Er verwies vor allem auf die Gewalt der rechtsextremen Terrorzelle NSU, bei der Sicherheitsorgane „teils mitgemischt“ und Taten vertuscht hätten. „Obwohl ich mir im Bereich rechte Gewalt vieles vorstellen konnte – ein solcher Offenbarungseid von Polizei und Verfassungsschutz war für mich vor dem NSU-Terror unvorstellbar“, sagte Friedman. Zugleich gebe es einen „Salon-Antisemitismus“, fügte er hinzu und warf den Schriftstellern Martin Walser und Günter Grass „Pamphlete in Rede- oder Gedichtform“ vor.
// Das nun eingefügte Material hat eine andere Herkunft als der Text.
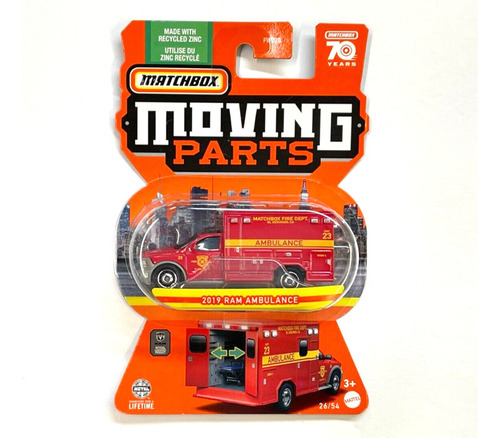 Matchbox Moving Parts Dodge Ram Ambulancia Coleccionable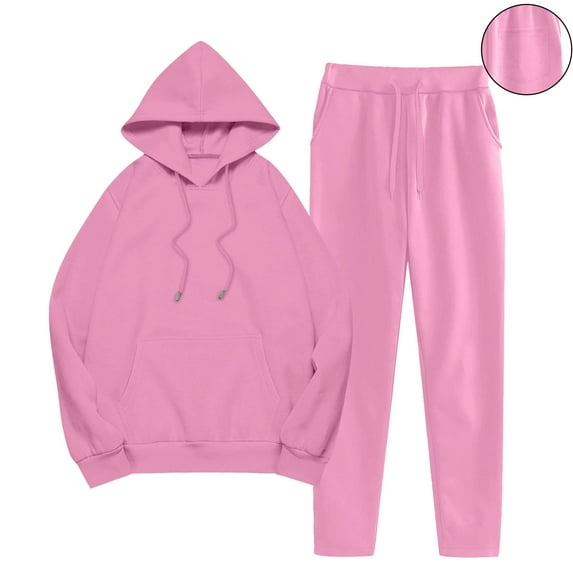 Yteetum Women's 2 Piece Set Sweatsuits Outfits Lounge Hoodie Sweatsuit Sets Womens Casual Solid Loose Fit Jogger Sports Pockets Sweatsuit Long Sleeve Drawstring Hoodies and Sweatpant Set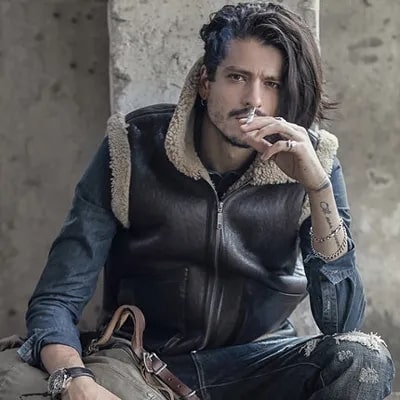 Men's Leather Shearling Vest In Chocolate Brown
Friedman lobte das Engagement der Künstler, die 20 Jahre nach dem „Arsch-huh“-Konzert gegen Rassismus und Neonazismus mit 100.000 Menschen in Köln am Freitag erneut bei einem großen Open-Air-Konzert in der Domstadt auftreten wollten. Eine Neuauflage des legendären Konzerts reiche aber zur Bekämpfung des Rechtsextremismus nicht aus: „Alle Konzerte dieser Welt ersetzen nicht die persönliche und direkte Abwehr des millionenfachen, kleinen Alltagsrassismus“, sagte Friedman.

Anlass des Konzerts vom 9. November 1992 unter dem Motto „Arsch huh, Zäng ussenander“ („Hintern hoch, Zähne auseinander“) war eine Welle ausländerfeindlicher Gewalttaten wie der Brandanschlag auf ein Wohnheim für vietnamesische Vertragsarbeiter in Rostock-Lichtenhagen. Bei der Neuauflage sollten am Freitag unter der Schirmherrschaft von WDR-Intendantin Monika Piel und dem Kölner Oberbürgermeister Jürgen Roters (SPD) am Kölner Rheinufer erneut lokale Musikgrößen auftreten, darunter die Bands BAP und Bläck Fööss.